Ingresso che si prospetta nella comunicazione narrativa come tv, radio, e in forme spettacolari legate allo spazio urbano, alle nuove realtà schermiche che tenderanno a rendere la città uno spettacolo-informazione.
Tracey Moffatt (allo Spazio Oberdan di Milano) è partita alla fine degli anni Ottanta con volontà narrativa e una notevole capacità di affabulazione.
“Between Dreams and reality” suggerisce i punti di sviluppo di un racconto nato dal cinema e che poi ricrea punti di contatto con diversi linguaggi visivi (che al cinema si riferiscono) che presuppongono lo svilupparsi di sequenze d’immagini, in effettivo sviluppo o collocati in modelli narrativi come le foto con didascalie, manifesti cinematografici a colori sgargianti, foto recitate come da vecchi fotoromanzi, pulp fictioncome da telefilm del passato.
Come nella serie “Adventure”, fotogrammi di un’avventura satura di colore, mare, eroi, donne innamorate, tensioni e pulsioni.

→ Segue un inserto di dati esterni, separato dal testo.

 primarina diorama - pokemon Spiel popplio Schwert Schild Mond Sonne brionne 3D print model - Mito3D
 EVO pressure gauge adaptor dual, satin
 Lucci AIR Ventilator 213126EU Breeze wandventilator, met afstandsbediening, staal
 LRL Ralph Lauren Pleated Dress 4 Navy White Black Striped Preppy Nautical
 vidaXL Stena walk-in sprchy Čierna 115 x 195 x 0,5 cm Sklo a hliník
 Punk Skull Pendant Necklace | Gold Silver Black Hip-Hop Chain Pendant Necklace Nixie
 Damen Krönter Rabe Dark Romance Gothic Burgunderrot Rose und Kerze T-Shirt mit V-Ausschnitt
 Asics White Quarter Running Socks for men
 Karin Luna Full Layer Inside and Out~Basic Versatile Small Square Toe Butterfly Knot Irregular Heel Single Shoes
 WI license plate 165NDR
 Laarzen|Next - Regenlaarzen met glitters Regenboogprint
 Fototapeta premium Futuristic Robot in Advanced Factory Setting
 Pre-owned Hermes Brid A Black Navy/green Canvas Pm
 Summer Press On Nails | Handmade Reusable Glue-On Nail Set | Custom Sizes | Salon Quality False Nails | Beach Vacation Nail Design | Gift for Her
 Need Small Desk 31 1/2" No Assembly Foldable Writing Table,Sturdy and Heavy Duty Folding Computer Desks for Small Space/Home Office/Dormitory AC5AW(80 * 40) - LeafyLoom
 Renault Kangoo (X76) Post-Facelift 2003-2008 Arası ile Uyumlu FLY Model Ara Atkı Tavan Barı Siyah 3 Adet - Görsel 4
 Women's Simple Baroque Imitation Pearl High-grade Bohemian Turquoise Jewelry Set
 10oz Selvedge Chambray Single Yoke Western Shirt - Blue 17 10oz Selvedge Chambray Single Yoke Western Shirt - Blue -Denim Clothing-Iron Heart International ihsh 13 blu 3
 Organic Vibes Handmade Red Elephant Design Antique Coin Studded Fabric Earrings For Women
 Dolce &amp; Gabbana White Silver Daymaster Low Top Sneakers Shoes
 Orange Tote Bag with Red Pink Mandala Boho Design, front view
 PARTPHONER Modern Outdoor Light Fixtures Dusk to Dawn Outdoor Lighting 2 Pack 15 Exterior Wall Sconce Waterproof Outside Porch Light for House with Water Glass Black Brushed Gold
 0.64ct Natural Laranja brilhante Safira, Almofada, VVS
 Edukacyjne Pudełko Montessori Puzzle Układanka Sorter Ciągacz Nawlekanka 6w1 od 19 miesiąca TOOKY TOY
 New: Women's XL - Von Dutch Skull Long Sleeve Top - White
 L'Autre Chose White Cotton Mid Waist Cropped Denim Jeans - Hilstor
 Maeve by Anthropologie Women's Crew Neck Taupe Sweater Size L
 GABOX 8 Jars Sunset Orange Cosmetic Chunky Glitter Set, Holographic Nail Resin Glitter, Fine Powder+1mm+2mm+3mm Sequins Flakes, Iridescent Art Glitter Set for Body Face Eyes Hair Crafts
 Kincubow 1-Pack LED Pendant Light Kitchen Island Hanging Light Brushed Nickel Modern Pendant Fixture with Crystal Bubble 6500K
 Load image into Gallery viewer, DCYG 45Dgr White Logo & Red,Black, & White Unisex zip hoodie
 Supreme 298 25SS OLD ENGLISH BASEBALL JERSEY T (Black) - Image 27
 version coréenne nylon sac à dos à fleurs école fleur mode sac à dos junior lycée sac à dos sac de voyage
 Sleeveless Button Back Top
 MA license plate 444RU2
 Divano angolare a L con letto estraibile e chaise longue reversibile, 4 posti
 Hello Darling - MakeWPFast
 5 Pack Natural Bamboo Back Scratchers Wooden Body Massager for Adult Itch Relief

Il sapore forte e primitivo delle storie e delle immagini la affiancano alla critica post femminista. Ma anche al racconto (che principalmente la interessa) della sofferenza individuale e della perdita identitaria.
A differenza di un’altra grande “narratrice di dolore”, che è Nan Goldin, non c’è segno d’interesse per gli altri e l’esterno. Ogni cosa è riportata al proprio immaginario, anche le storie generali.
Chiusa in un universo interno, la Moffatt racconta dalla propria storia.
Naturalmente ne esce un linguaggio travisante, artificioso, tutto chiuso nelle proprie visioni e immaginazioni. Un sogno interno, quasi sempre con apparenze d’incubo, che prende carattere dalle culture popolari e si sviluppa come medium di massa, volgare, estremo e efficace nel cogliere il malessere di vivere e le subculture particolarmente complesse in una realtà come quella australiana, ricoperta da strati di storie diverse.
Gli ELASTIC GROUP al Tempietto del Bramante, Roma. Gli Elastic Group lavorano da diversi anni sull’idea di videoinstallazione ambientale e da qualche tempo sull’idea di ritratto. I ritratti in questione sono volti ripresi con raggi infrarossi con la tipica colorazione verdastra che ne deriva. Fantasmi visivi, uomini e donne appaiono e riappaiono in schermi collocati sulle finestre del tempietto del Bramante.
Anche qui la componente narrativa sembra forte e lo spazio storico del Tempietto, con la sua perfetta definizione di modello architettonico rinascimentale racconta a sua volta la separazione inconciliabile (come nella migliore sceneggiata delle migliori incomprensioni dialogiche) fra il racconto dell’antico e il racconto del moderno.